* ACTIVITY *
Only the lines in the entries below from the line with "2019 Volvo Xc40 - Thumbnail" to the line with "कच्ची हल्दी आंवला", both included, belong in the answer, transcribed exactly and without pictures.

* MATERIAL FOR THIS EXERCISE *
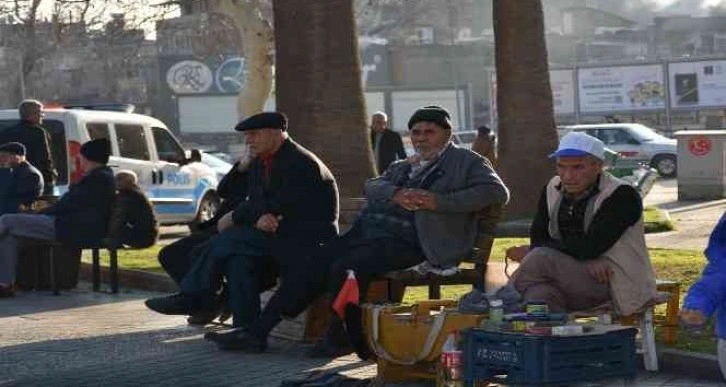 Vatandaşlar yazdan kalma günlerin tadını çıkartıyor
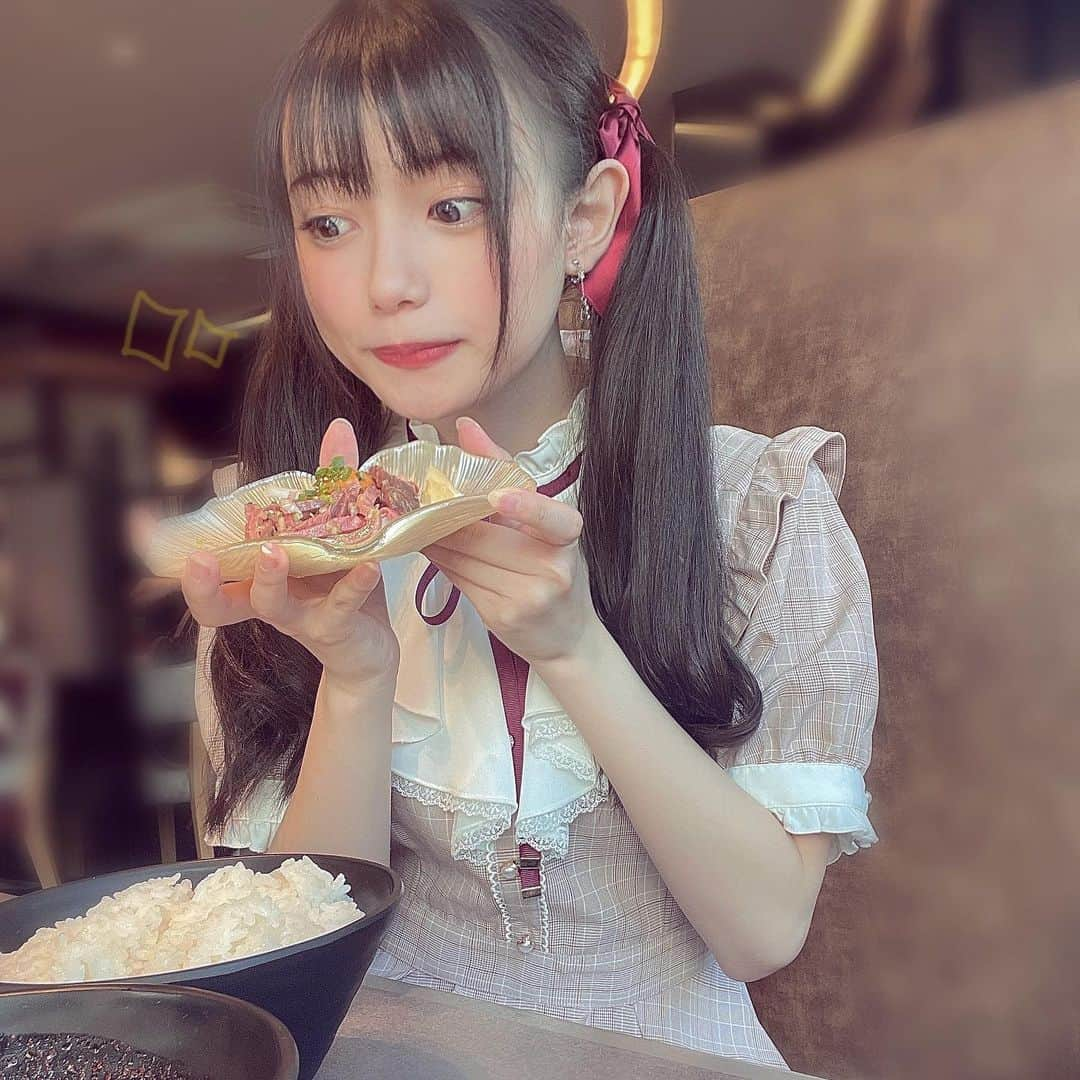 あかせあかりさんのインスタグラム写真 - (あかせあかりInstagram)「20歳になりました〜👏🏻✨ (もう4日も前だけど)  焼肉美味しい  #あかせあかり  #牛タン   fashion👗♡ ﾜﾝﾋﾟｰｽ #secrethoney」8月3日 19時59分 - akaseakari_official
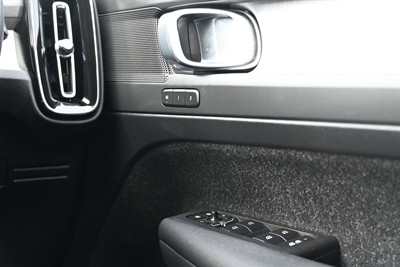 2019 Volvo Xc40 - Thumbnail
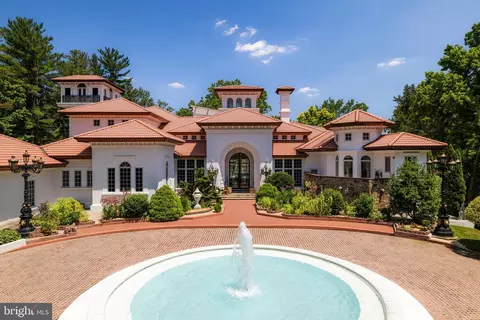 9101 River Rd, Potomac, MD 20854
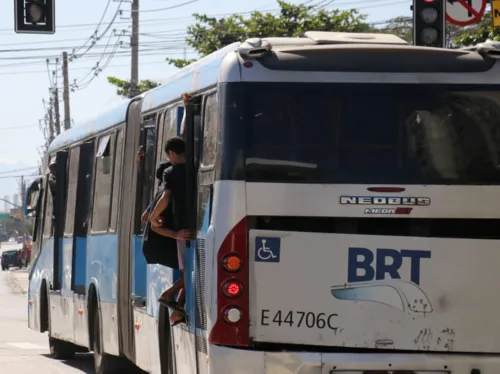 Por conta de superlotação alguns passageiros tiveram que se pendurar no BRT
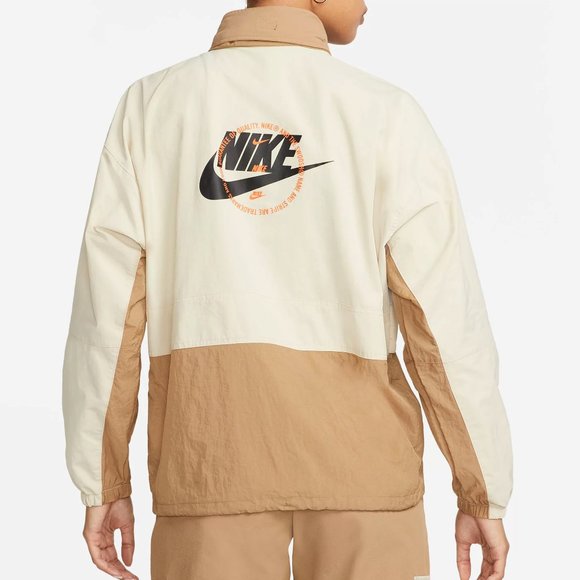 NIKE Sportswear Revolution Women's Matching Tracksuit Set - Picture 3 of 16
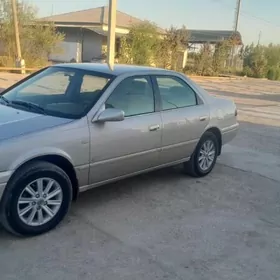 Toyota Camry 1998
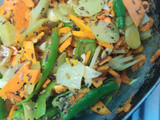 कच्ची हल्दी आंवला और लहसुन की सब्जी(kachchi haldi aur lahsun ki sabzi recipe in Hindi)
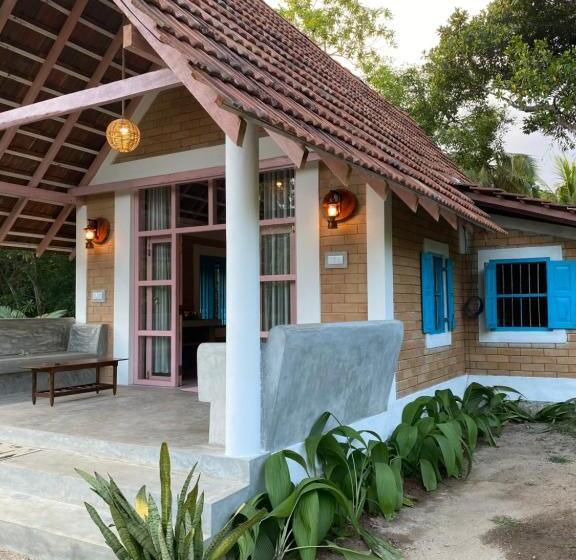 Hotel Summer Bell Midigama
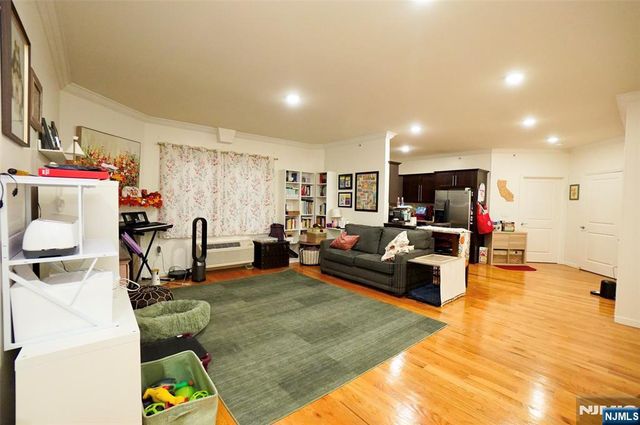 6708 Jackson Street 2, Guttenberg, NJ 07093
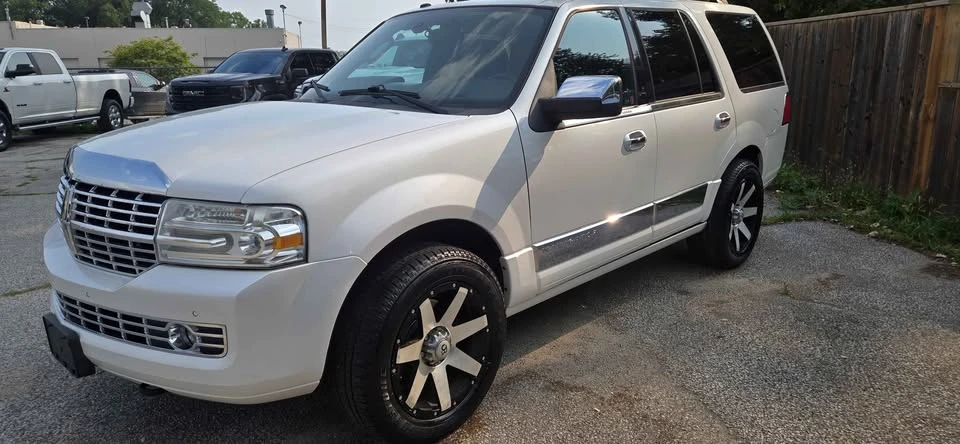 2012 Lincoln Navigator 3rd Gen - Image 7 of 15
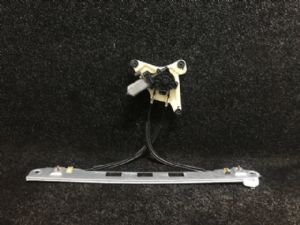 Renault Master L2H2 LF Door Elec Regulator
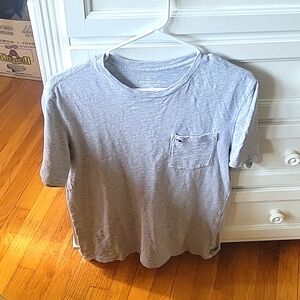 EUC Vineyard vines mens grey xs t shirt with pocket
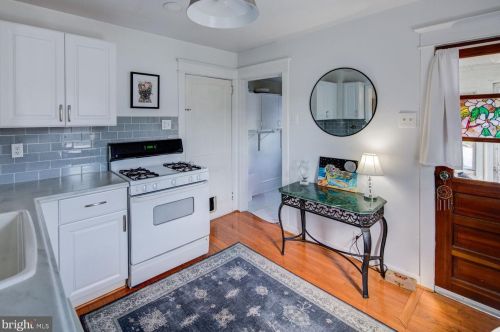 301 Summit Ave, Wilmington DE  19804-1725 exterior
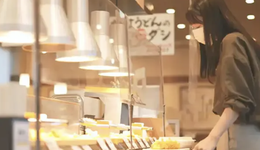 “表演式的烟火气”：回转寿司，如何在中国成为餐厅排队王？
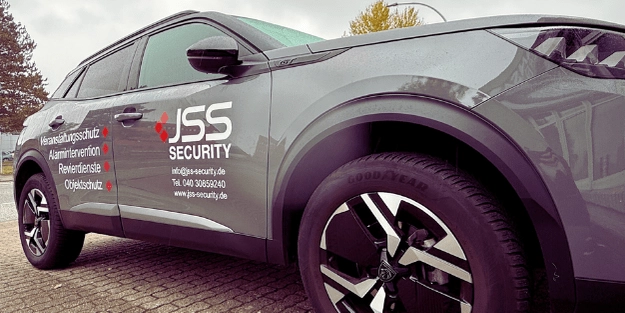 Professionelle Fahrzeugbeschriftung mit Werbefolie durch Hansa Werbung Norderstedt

* RESPONSE AREA *
 2019 Volvo Xc40 - Thumbnail
 9101 River Rd, Potomac, MD 20854
 Por conta de superlotação alguns passageiros tiveram que se pendurar no BRT
 NIKE Sportswear Revolution Women's Matching Tracksuit Set - Picture 3 of 16
 Toyota Camry 1998
 कच्ची हल्दी आंवला और लहसुन की सब्जी(kachchi haldi aur lahsun ki sabzi recipe in Hindi)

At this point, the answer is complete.